En s'appelant encore amicalement « curé » et « vicaire » ils retardent, certes, sur notre terminologie perfectionnée. Mais ils ne retardent pas sur la lecture du « Livre des âmes ».
4 h du matin
Des bruits de pas dans la cour. Je regarde par la fenêtre. Dans la nuit plus tiède on devine une agitation de fantômes, mais on ne distingue rien. L'an dernier à la même date, je logeais chez l'Archevêque de Cotonou : à la même heure, j'avais été intrigué par un long murmure dans la galerie du rez-de-chaussée. Après ma Messe, on m'a donné l'explication : Chaque matin de l'année, de 4 h à 9 h, Mgr GANTIN reçoit les familles et les écoute. Il est le conseiller. Il est l'arbitre. Il est le confident des plus pauvres. Les chrétientés d'Afrique sont jeunes.
5 h du matin
Un petit jour laiteux se lève. J'identifie mes fantômes de l'immense cour : ce sont les catéchistes. Avec des pierres de toutes dimensions ils dessinent sur le sol une énigmatique marelle. Je ne comprends absolument rien à cette muette liturgie qu'ils exécutent avec minutie. Indéchiffrable marelle.
6 h du matin
La marelle aux mille cailloux commence à se garnir. Des femmes, qui ne sont pas des fantômes, posent de multicolores cuvettes d'émail devant chaque série de cailloux. Les représentants des familles s'alignent le long des bissectrices et des diagonales. Cette marelle de cailloux est la machine à calculer qui permettra aux catéchistes d'attribuer des rations proportionnelles aux nombres d'enfants lorsque tout à l'heure les 2.000 bénéficiaires de la distribution viendront transformer cette marelle en un échiquier vivant.
7 h du matin
Voici l'heure d'aller vers le pont détruit et d'essayer, parmi un essaim de pirogues, de prendre place sur un bac incertain, afin d'atteindre Onitsha sur l'autre rive du Niger.

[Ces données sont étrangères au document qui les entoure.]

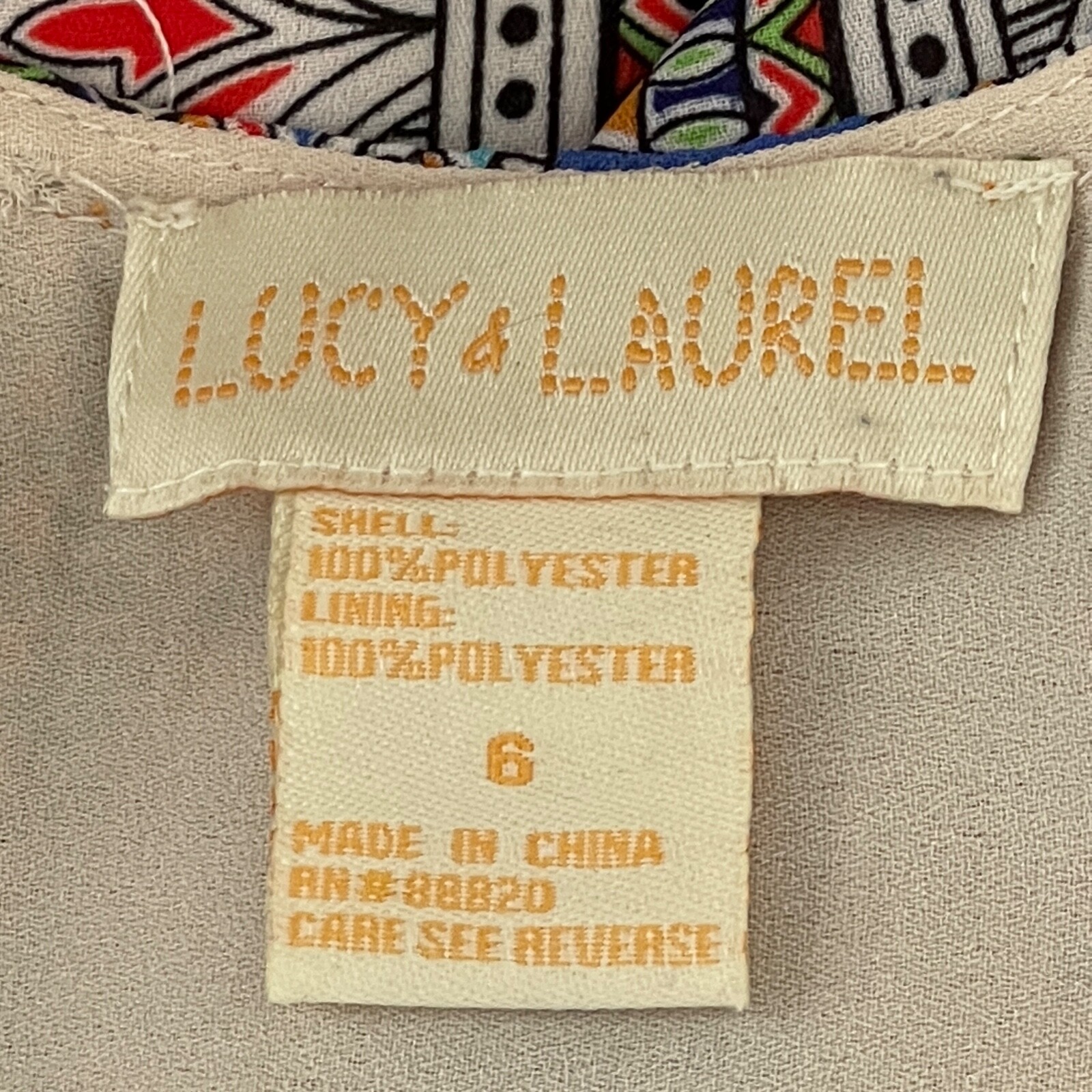 Lucy & Laurel Size 6 Woman’s Blue Orange Red Green White Paisley Sundress Dress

Le curé et le vicaire en nous souhaitant bonne route nous précisent qu'ils ne se font aucune illusion sur leurs méthodes actuelles. « Nous sommes sur une éponge saturée de pétrole. Dans cinq ans nous serons une banlieue industrielle. Nous changerons de méthodes, mais nous resterons les pères des pauvres ».
Dans notre Europe confortable il y a des gens qui se torturent l'esprit pour définir le rôle du prêtre. Dans la longue nuit d'Orluba, j'ai reconnu lumineusement ce rôle. Sous une forme simpliste. Mais qui met en relief l'essentiel.
On me dira que nos grands esprits torturés ne peuvent se payer le privilège d'un voyage jusqu'à la lointaine brousse du Nigeria. C'est un privilège, certes, je le reconnais. Et c'est justement parce que j'ai bénéficié de ce privilège, que sur-le-champ je rends compte de ma nuit d’Orluba[2].
« Quand en Europe vous aurez finalement réussi à désarticuler vos institutions et à mettre en pièces vos Églises, alors, nous Africains nous viendrons vous évangéliser. »
C'est un autre Archevêque qui me faisait récemment cette promesse. Je l'épingle sur mes souvenirs d'Orluba.